[Start of Attachment]
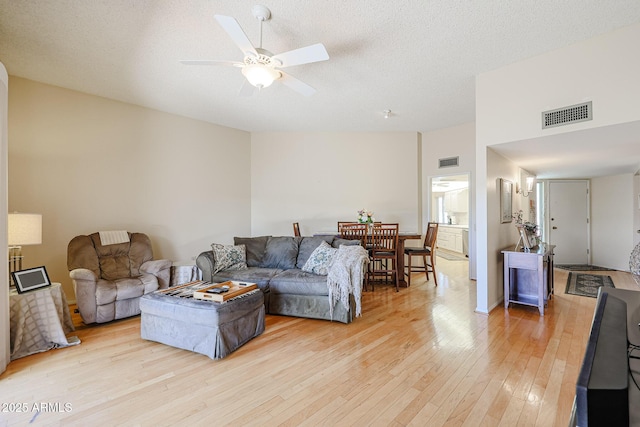 living room with ceiling fan, vaulted ceiling, light hardwood / wood-style floors, and a textured ceiling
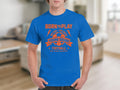 A person is wearing a bright blue football T-shirt from Garment Graphics featuring an orange design with a soccer ball and text BORN TO PLAY and YOUNG SQUAD FOOTBALL. The shirt subtly incorporates motivational phrases like One Goal One Dream in a blurred indoor setting.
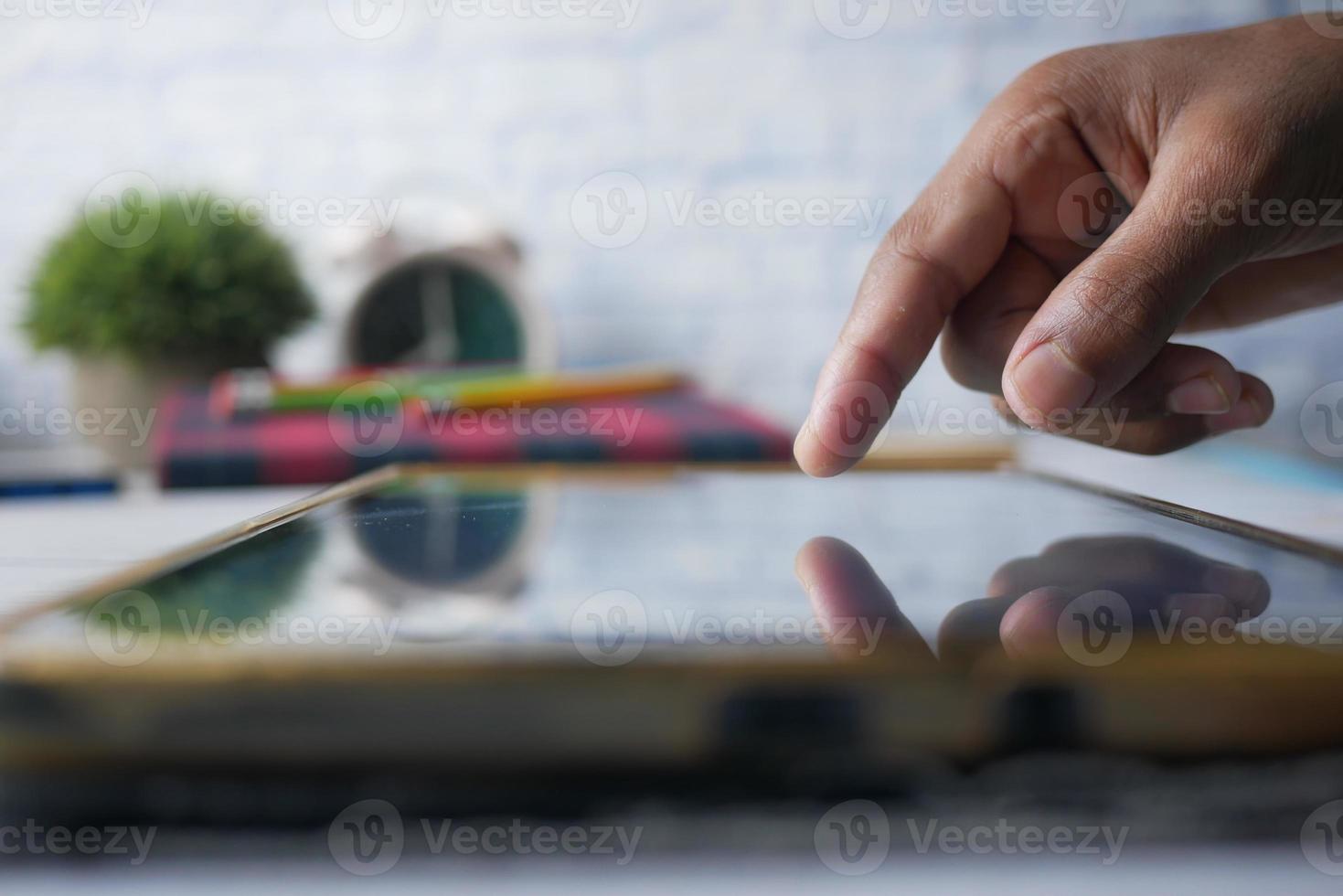 mano del bambino che punta il dito sullo schermo della tavoletta digitale. foto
[End of Attachment]
Assigned task — Leave out the pictures, and write out all the remaining data above exactly.

Your solution —
 living room with ceiling fan, vaulted ceiling, light hardwood / wood-style floors, and a textured ceiling
 A person is wearing a bright blue football T-shirt from Garment Graphics featuring an orange design with a soccer ball and text BORN TO PLAY and YOUNG SQUAD FOOTBALL. The shirt subtly incorporates motivational phrases like One Goal One Dream in a blurred indoor setting.
 mano del bambino che punta il dito sullo schermo della tavoletta digitale. foto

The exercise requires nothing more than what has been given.